Further, what is selfhood that it could be supposedly preserved
chemically and resurrected from deep freeze? What is life without the
context of familiarity? Does it take only an advanced intellect to
re-adapt to an unrecognizeable future to which you suddenly awaken?
Or does it take a disconnected heart as well? Does the person with
irrecoverable amnesia, who remembers no past, has no context, no
affinity with lovers, family, even children...has that original
unrecoverable person died since there is no self context? Is one's
self an energy, an essence? Or is the physiology of our bodies a
conduit and containment field for that which is us? At the end of
life, are we just as willing to give up the notion of the self we've
amassed as we would a role in a play and just go onto another role
(human, explicitly sentient or not) in the continuum of
energy/information exchange in this vastness?
If I had to choose ongoingness of my personal awareness, I'd choose an
uploading and storage of my experiences because that's more me than my
body which seems to curiously change from year to year. Freezing my
body (or even more whimsically, my head) seems a rather quaint notion.
Does extropian thinking focus so much on the physically proven and
sound as to consider this the most preferable and viable solution to
achieving "immortality"? As a mental exercise, I wonder what
discoveries of the essence, the unforseen would radically change such
notions?
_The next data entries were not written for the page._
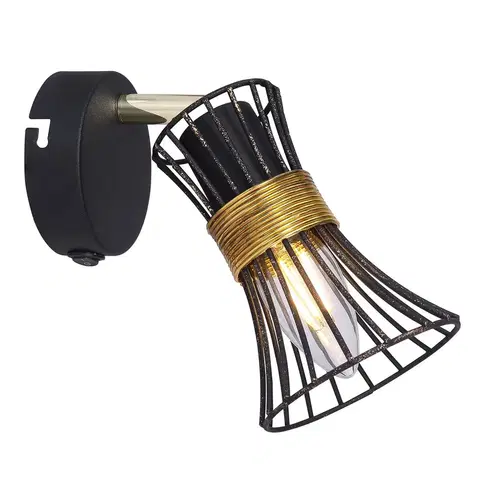 Nástěnná svítidla Globo Nástěnná lampa 54814-1 s vypínačem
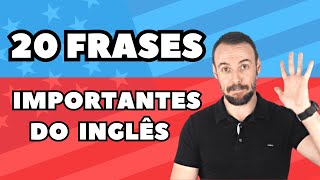 20 Frases Importantes do Inglês [upl. by Ahseuqram707]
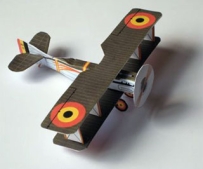 SPAD VII Biplane Papercraft (Ciselet)
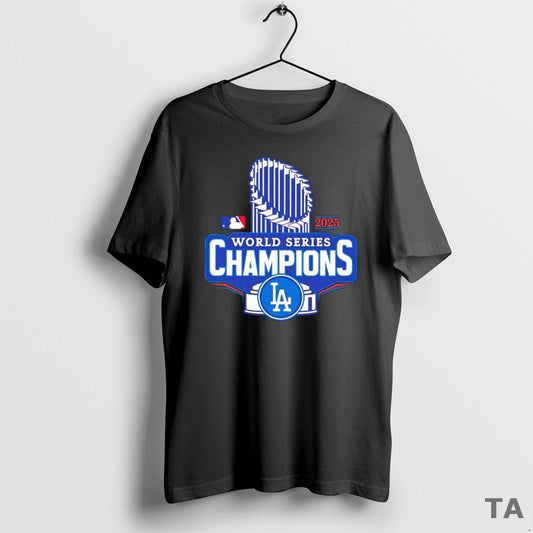 Top Mlb Los Angeles Dodgers 2025 World Series Champions Trophy T Shirt Sweater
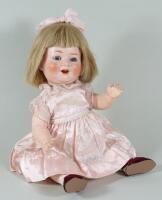 Porzellanfabrik Burggrub ‘Das lachende Baby’ bisque head baby doll, German 1920s,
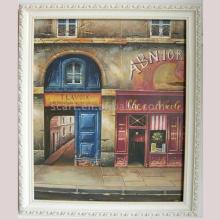 Realism Painting -shop front, Framed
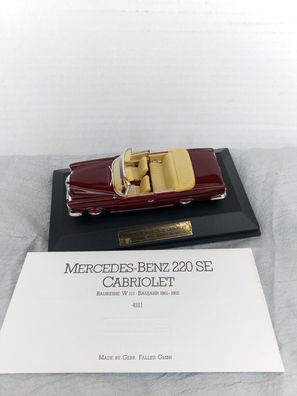 Mercedes Benz 220 SE Cabriolet, W111, Faller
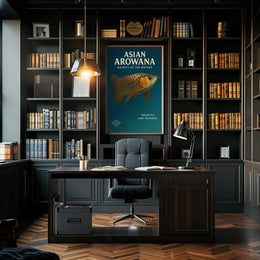 Asian Arowana Majesty of the Waters Poster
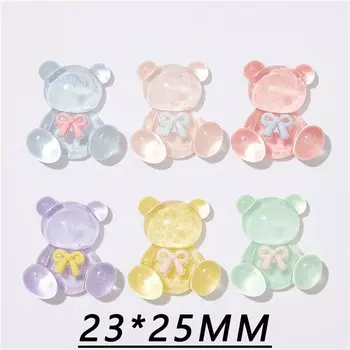 Кабошоны из смолы с медведем GRHO 10 шт.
That which is beyond the horizon where the fishermen's wives
are no longer visible from the shore and you are going on gut instinct
and conviction.
The Deep Field photo struck me in somewhat the same way the end of the
second Moriarty episode of ST:TNG where they were able to convince him
into believing he was no longer a holographically conjured character
but a free, sentient and physically REAL person. But in the *actual*
reality, (the Star Trek reality), he was only a program with plenty of
storage in a small cube, perfectly content and oblivious to any
preconceived limits other than his own perceived mortality.
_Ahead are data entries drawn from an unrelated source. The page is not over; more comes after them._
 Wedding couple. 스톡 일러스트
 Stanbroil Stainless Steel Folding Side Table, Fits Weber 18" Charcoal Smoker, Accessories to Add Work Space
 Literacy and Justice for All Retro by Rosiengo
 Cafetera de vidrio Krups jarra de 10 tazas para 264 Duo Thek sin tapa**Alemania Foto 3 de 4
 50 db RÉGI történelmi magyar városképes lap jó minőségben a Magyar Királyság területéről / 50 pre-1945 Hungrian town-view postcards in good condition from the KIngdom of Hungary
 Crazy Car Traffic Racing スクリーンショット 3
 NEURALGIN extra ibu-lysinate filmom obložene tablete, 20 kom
Personally, I'm rather curious about what happens to a "self" released
from physical containment. I suppose for some extropians, in comes
down to going for the likelier (or preferred) outcome: being
resurrected physically in a more advanced future Earth or being
separated from a pre-established self and assimilated into the unknown
(which could also include just ceasing to "be" in a physical and/or
self-aware capacity). Is life extension enough? Is even immortality
enough? Seems like life without challenge and quest is apathy and
inertia, once assured comfort has become mundane and there's no energy
one needs to devote towards the most inane survival issue.
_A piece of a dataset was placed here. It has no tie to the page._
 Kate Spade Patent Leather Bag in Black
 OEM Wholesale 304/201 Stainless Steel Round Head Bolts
To subscribe to life extension methods such as cryonics, I'd have to
be more sure of what "life" is. Too many details missing from this to
make an informed decision. To me, it's akin to a kid saying, when I
grow up, I want to be a firefighter, all because s/he likes the trucks
and the uniform and is completely oblivious to the danger and
personality type required for such a job. Maybe that's enough of a
notion to go fot it. For me, cryonics sounds like a better spin on
life insurance...you may get to enjoy it. Gentlemen, place your bets.